First of all, these Soundfield-like microphones employ 4 cardioid or subcardioid capsules, arranged (more or less) as a tetrahedron, as shown in the following pictures (all mikes seen from "front"):
Soundfield ST-250 |
Soundfield STS-200 |
DPA-4 |
Core Sound TetraMic |
If you cannot afford any of the above 4 microphone arrays, you can find a cheap, DIY solution here (but discard the part about analog implementation of the A-to-B conversion, which is incomplete, and cannot work with unmatched capsules).
The first thing is to label the signals from the 4 capsules, which constitute the A-format stream, for avoiding to process them improperly.
We assume to employ an anthropometric Cartesian reference system (compliant with ISO 2631), as shown here:
We can think that the 4 capsules are at 4 of the 8 vertexes of a cube, which surrounds the head of the "virtual listener". This cube has faces parallel to the above Cartesian reference system.
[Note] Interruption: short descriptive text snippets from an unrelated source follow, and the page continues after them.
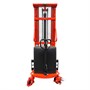 Электрический штабелер PROLIFT SPN 1020 spn-1020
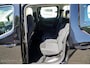 Peugeot Rifter Allure climate, camera en trekhaak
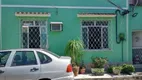Foto 2 de Casa de Condomínio com 3 Quartos à venda, 110m² em Realengo, Rio de Janeiro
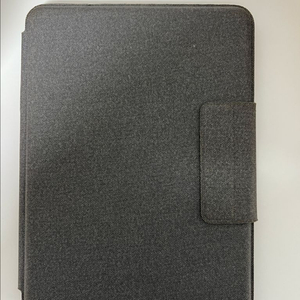 로지텍 폴리오 터치 아이패드 에어4/5세대 용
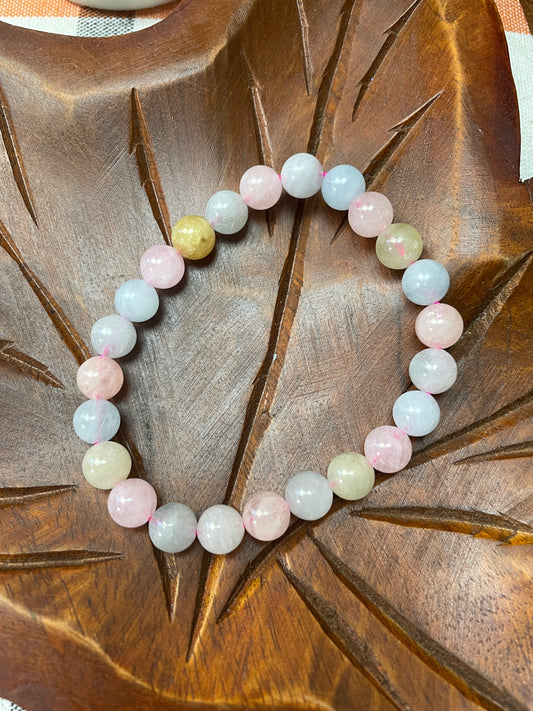 Soothing Bracelet Bundle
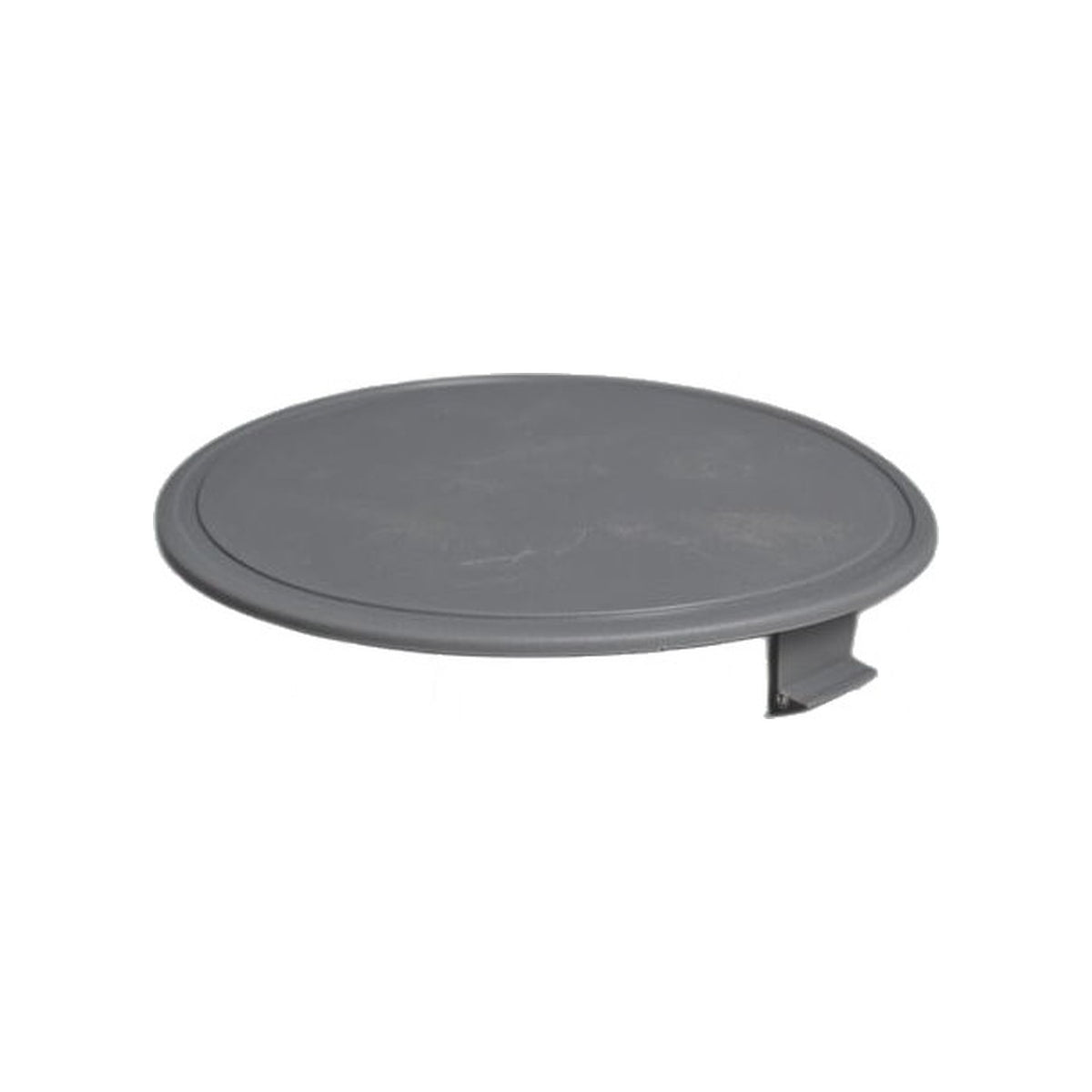 Kirby Sentria Rear Wheel Hub Caps (2-Pack)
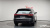 Volkswagen Touareg 3.0 TDI Prestige, 2024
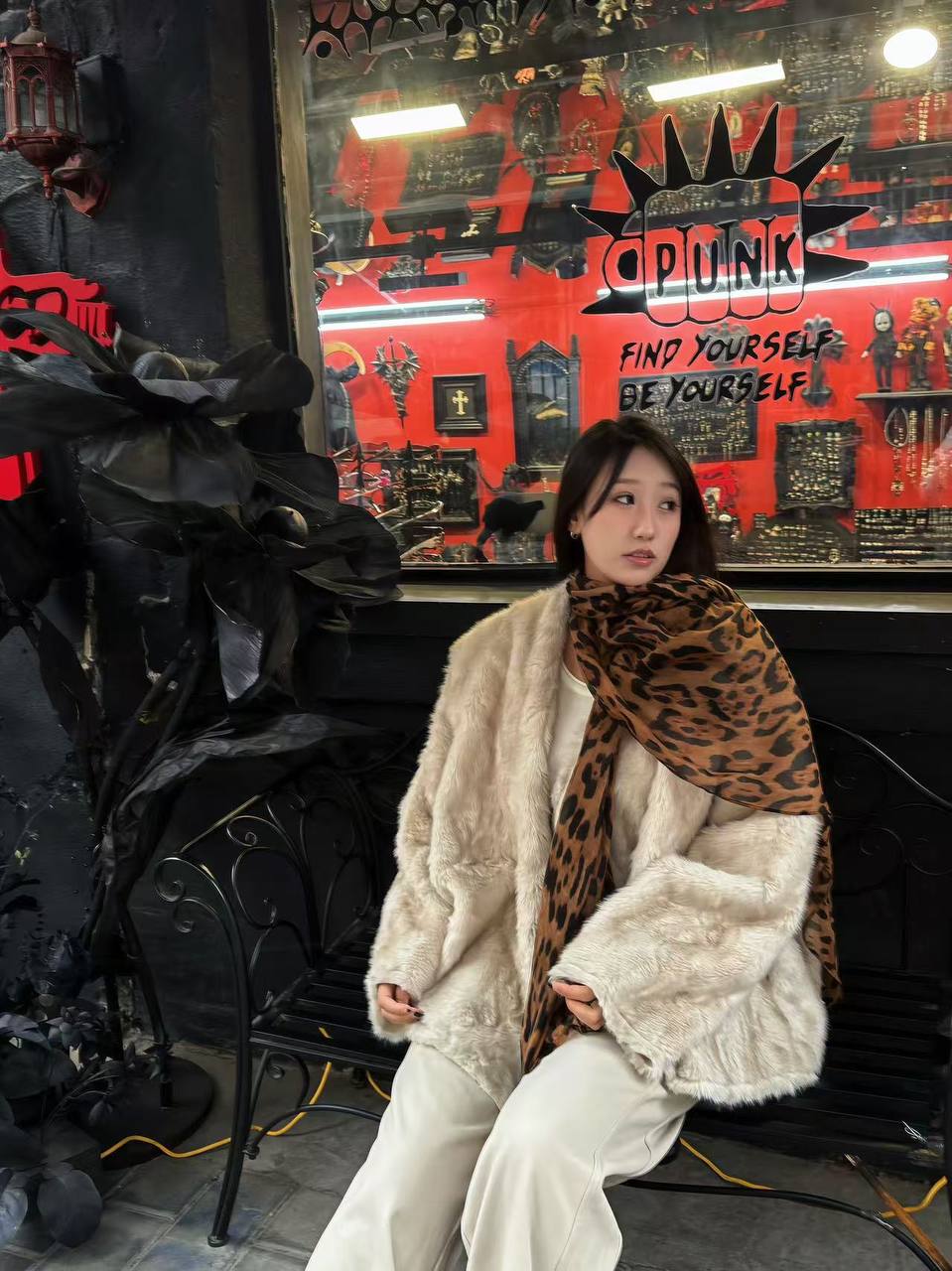 山东 聊城 编号：861140 (点击复制)
➡️ 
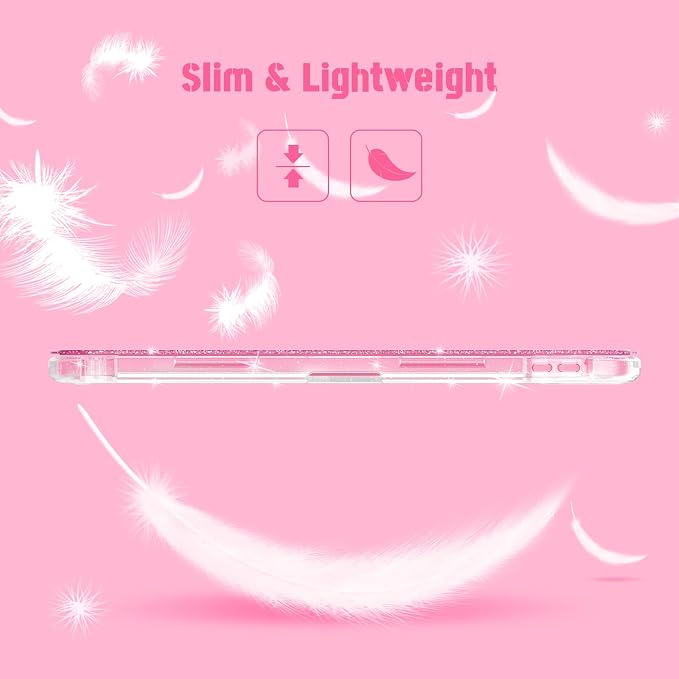 LighrPink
We can call the faces with positional names, such as Front-Back , Left-Right and Up-Down. Each vertex of the imaginary cube is defined by the intersection of three faces, and so, for example, a microphone pointing to Front, Left, Up will be labelled FLU.
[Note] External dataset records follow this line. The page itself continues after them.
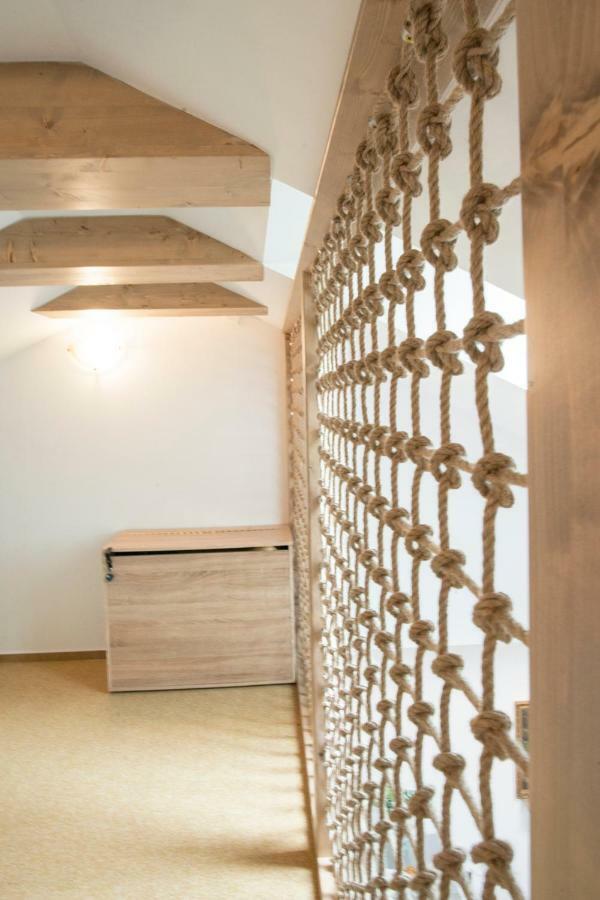 Apartment Jelena1 Tatrzańska Łomnica Zewnętrze zdjęcie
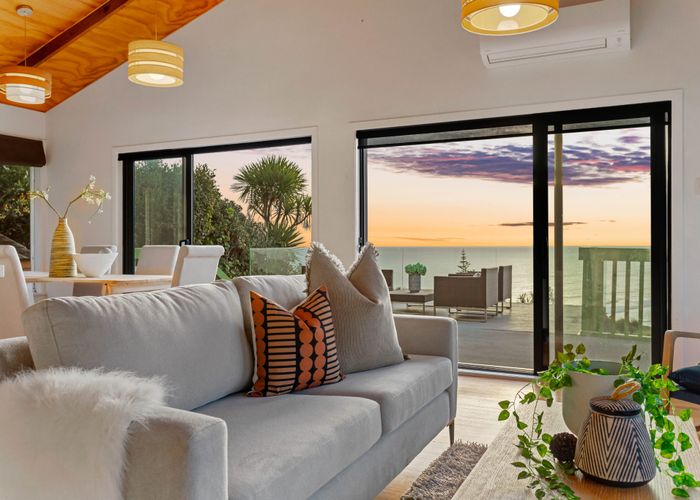  at 26 Edwin Mitchelson Road, Muriwai, Muriwai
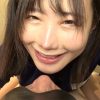 Thumbnail of related posts 143
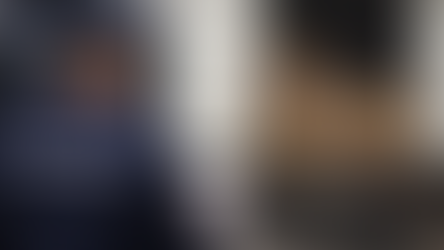 Programa de Regularización Fiscal SAT 2026: impacto y beneficios para empresas de comercio exterior y aduanas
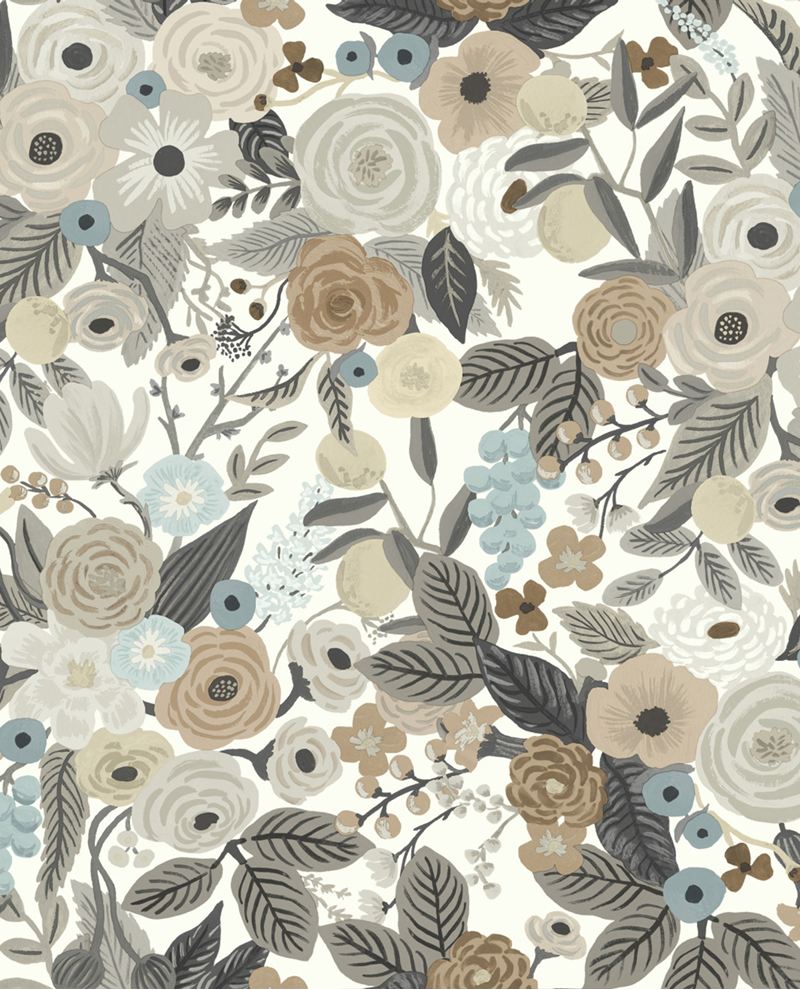 Picture of RIFLE PAPER CO. RI5121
There are two possible ways of selecting the positions for the 4 capsules on the cube:
FLU-FRD-BLD-BRU (Soundfield and Core-Sound microphones use this)
FLD-FRU-BLU-BRD (DPA-4 uses this)
Let's call the first type of signals a "type I" A-format stream, and of course the second will be a "type II" A-format stream. The order of the capsules within each of these two types of A-format streams is mandated to be as above, so that, in the horizontal plane, the capsules are always ordered as in a "quad" stream: 1=Front-Left, 2=Front-Right, 3=Back-Left, 4=Back-Right.
We now record the 4 channels coming from the capsules, and we want to derive, by proper processing, the 4 channels of a standard B-format stream, named W, X, Y and Z.
These 4 new signals are matematically defined as the signals of 4 coincident microphones. W is a pressure microphone (omnidirectional), whilst X, Y and Z are velocity microphones, having a directivity pattern resembling a figure-of-8. The following picture shows the prescribed directivity patterns for these microphones:
Axes |
W |
X |
Y |
Z |
The basics of the conversion from A-format to B-format is to perform a proper matrixing of the signals coming from the capsules.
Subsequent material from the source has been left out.